We saw St. Vincent back in 2007 when she opened for The National in Cincy and knew big things were in store for her. She is back on tour and has a new album, Actor, coming out on May 5th. No stop in Louisville, but she will grace our Lexington folks with a show at The Dame on June 10, 2009. If you are in the area, you should definitely check this show out. You just may fall in love (with her music).
St. Vincent- Paris is Burning
About St. Vincent:
Two years ago, Annie Clark’s recorded debut as St. Vincent, ‘Marry Me’, gave immediate notice that a dizzying new talent had emerged from the flatlands of Texas. Critics from all points of the cultural compass—from Pitchfork to Spin to the New York Times Magazine—were entranced by the album’s precocious arrangements and elegant lyrics, and the steadily growing crowds at St. Vincent’s live shows were astonished by Clark’s gargantuan musical chops and her magnetic stage presence. No small number of St. Vincent fans took the title of ‘Marry Me’ literally, had their hearts duly broken, and wouldn’t have had it any other way. The record was heralded as a remarkably successful entrance and Clark capped a year of international touring by winning the Plug Awards’ Female Artist of the Year.
’Actor’, St. Vincent’s beguiling, sophisticated new record, takes that debut’s ambition as its starting point and never looks back. The arrangements are more masterful, the songwriting grander, the performances ever more confident and inspired. Clark developed an idiosyncratic writing process for ‘Actor’, immersing herself in some of her favorite films—Badlands, Pierrot le Fou, The Wizard of Oz, Stardust Memories, Sleeping Beauty—and beginning each song as a secret film score, then slowly giving it independence as its structure and lyrics came fully into focus. The resulting eleven tracks are as cinematic as pop songs can be, but the movie is a private one, revealing its storyline in hushed, cunning couplets and cascades of scathing guitar.
Here is a record to listen to with your eyes closed. Melodies are transposed and inverted. The fantasy of Disney is juxtaposed with the sweep of Morricone, David Mamet’s unsettling dramatic form and the alienation of Philip Roth. Igor Stravinsky scores Roger Corman’s horror flicks.

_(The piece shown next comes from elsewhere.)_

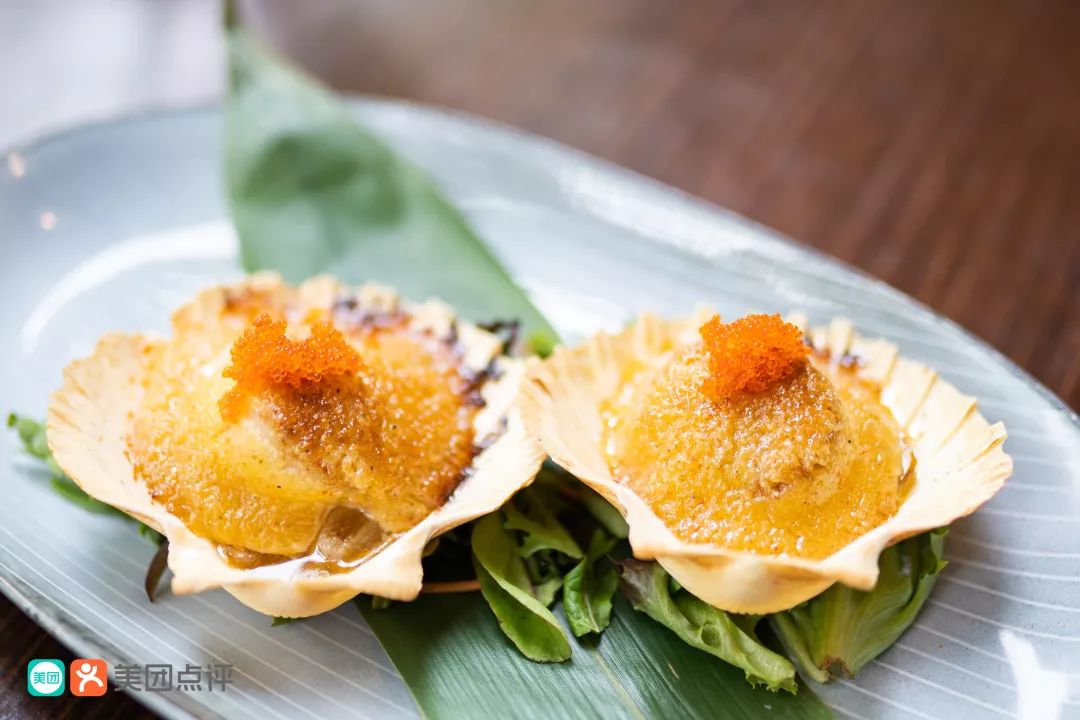 生蚝海胆免费吃佛系老板开了一家火了7年的店回头客99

‘The Strangers’ starts off as a deceptively dulcet elegy for a lost love, then suddenly capsizes under a flood of distortion. ‘Actor Out Of Work’ is a devastating sonic kiss-off, complete with slyly poisonous lyrics and steamrolling guitars. The strings and woodwinds at the opening of ‘Marrow’ might be escorting Dorothy to the Emerald City, or straight into the flying monkeys’ clutches. The crackerjack band, including supporting turns by McKenzie Smith and Paul Alexander of Midlake, has the crunch of a tank and the grace of a chamber ensemble.
If ‘Marry Me’ served as the world’s introduction to Annie Clark, ‘Actor’ may prove to be her coronation. As the terrifyingly beautiful movie inside Clark’s head flickers across the screen, we can all feel privileged to be in the seats.